Baxter’s family doctor knew about his anxiety problem and, after assessing his worsened condition, wrote a letter supporting his application for disability insurance benefits. The doctor’s letter stated that the pre-existing condition of the anxiety disorder, compounded by recent workplace stress with no relief in sight, amounted to a disabling condition.
The insurance company flatly denied disability benefits. The denial letter said that workplace stress is not covered and that Mr. Kerr ought to continue coping as he had done before.
Struggling to go to work every day, this denial of benefits emboldened him. He became so determined to convince the insurer of his need for relief that, after discussing it with close friends, he contacted Share Lawyers.
Was workplace stress enough to claim a disability? Would it be enough if he could prove his history with an anxiety disorder?
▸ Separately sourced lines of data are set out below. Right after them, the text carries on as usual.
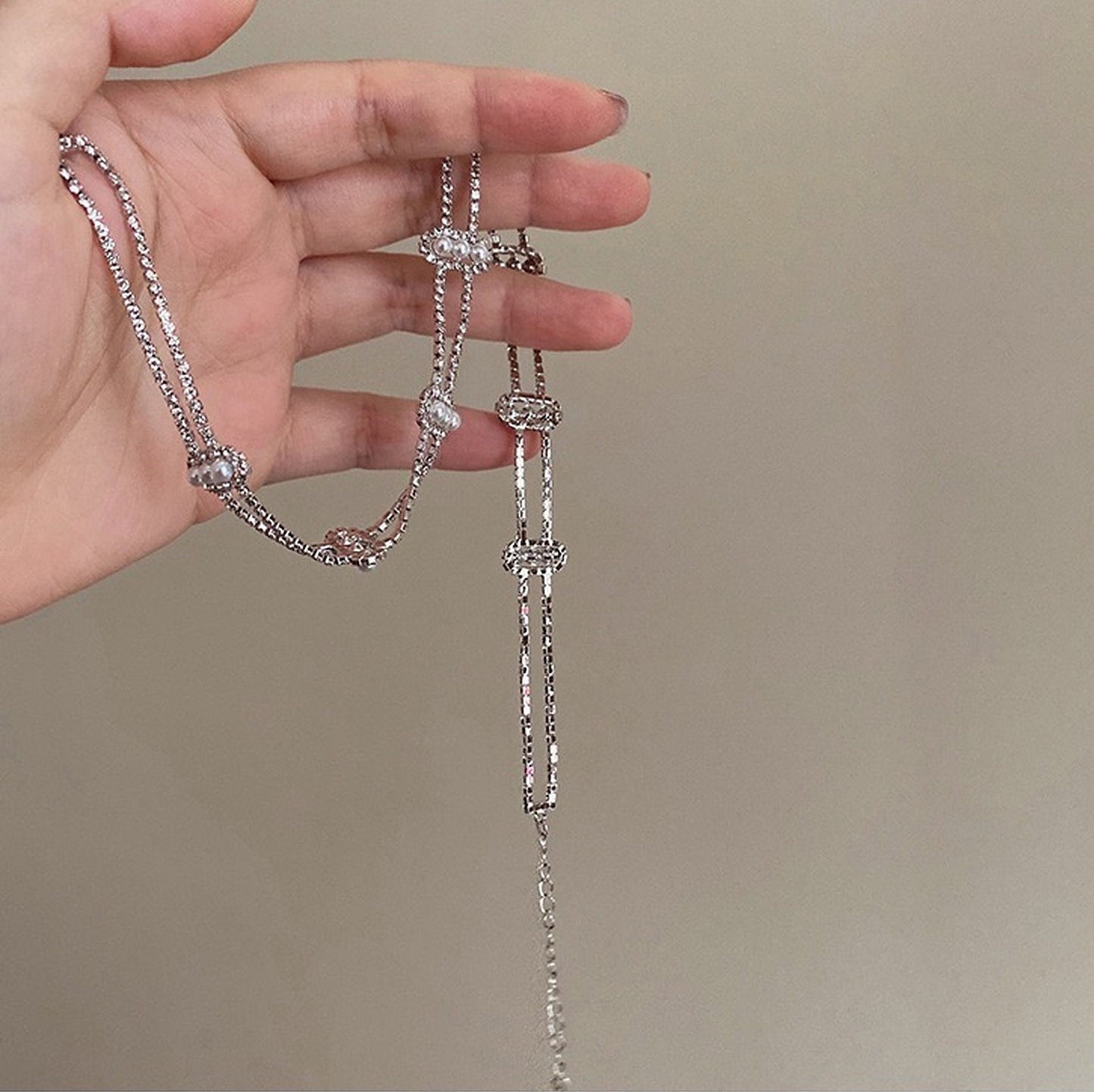 Romantic Double Layer Necklace Choker - Fairycore Sparkly Collar Necklace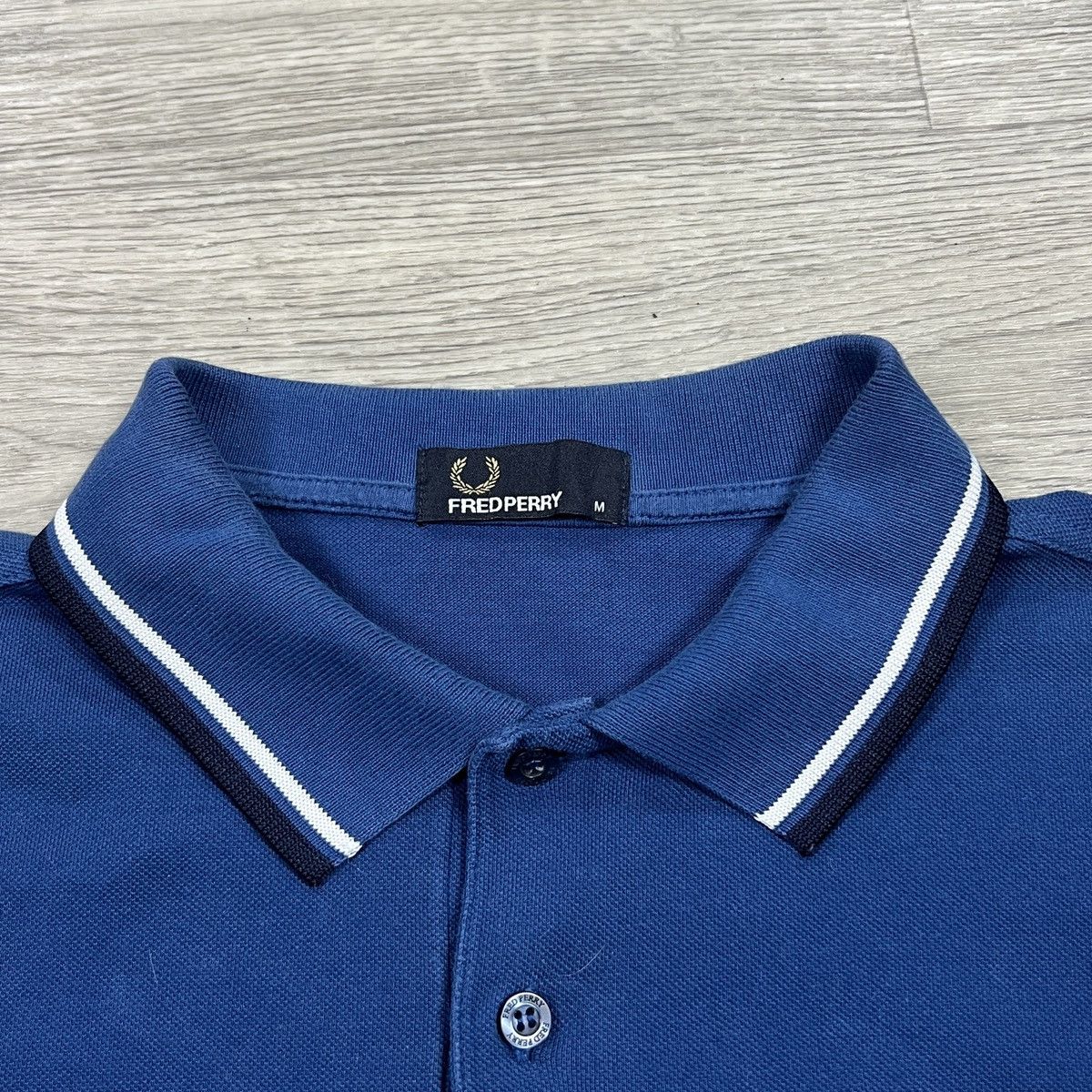 Fred Perry Fred Perry Twin Tipped Polo Shirt Blue White Logo Size US M / EU 48-50 / 2 - 2 Thumbnail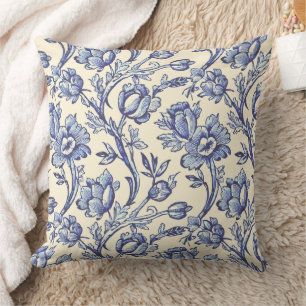 Coussin Tulipes bleues et crème Toile à la française Décor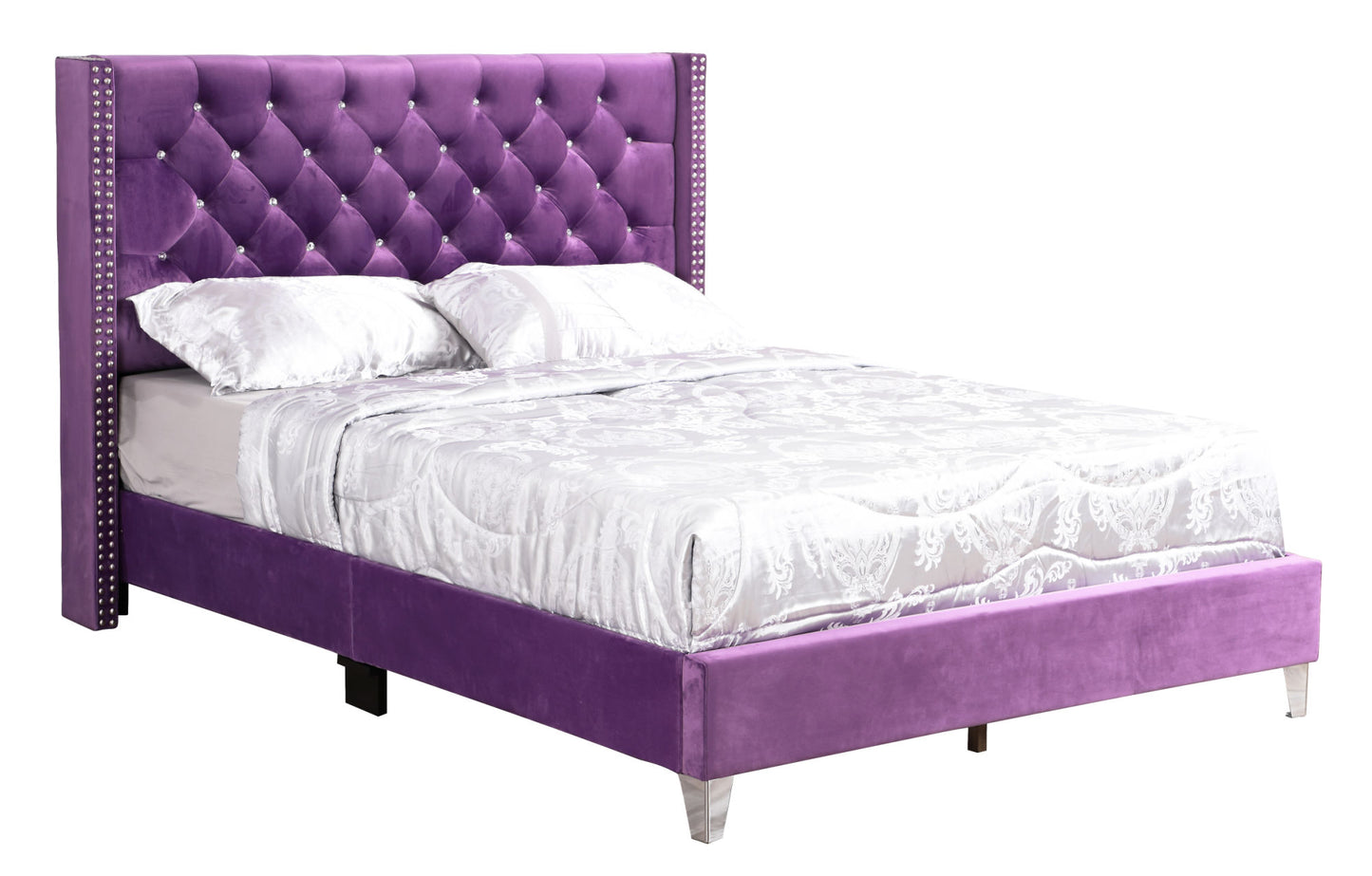 julie queen upholstered bed , purple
What evidence would be necessary to prove that workplace stress was disabling him?
When Share Lawyers accepted his case, the fight for entitlement began with amassing evidence. Records from new assessments would complement notes from his family doctor and from the psychologist he had seen. With these would go statements about the increased demands on him and the anxiety-inducing effects of his peers losing their jobs. The case would go through an extensive discovery process.
When the insurer argued that Baxter had been coping for years and that workplace stress should not disable him all of a sudden, Share Lawyers countered with considerable evidence that he had indeed been brought past a reasonable limit and could not continue so disabled. Though mediation failed to resolve it, when the matter proceeded to pre-trial before an Ontario Superior Court Judge, the insurer finally agreed to pay a substantial settlement.
*Names have been fictionalized to protect the privacy of our clients.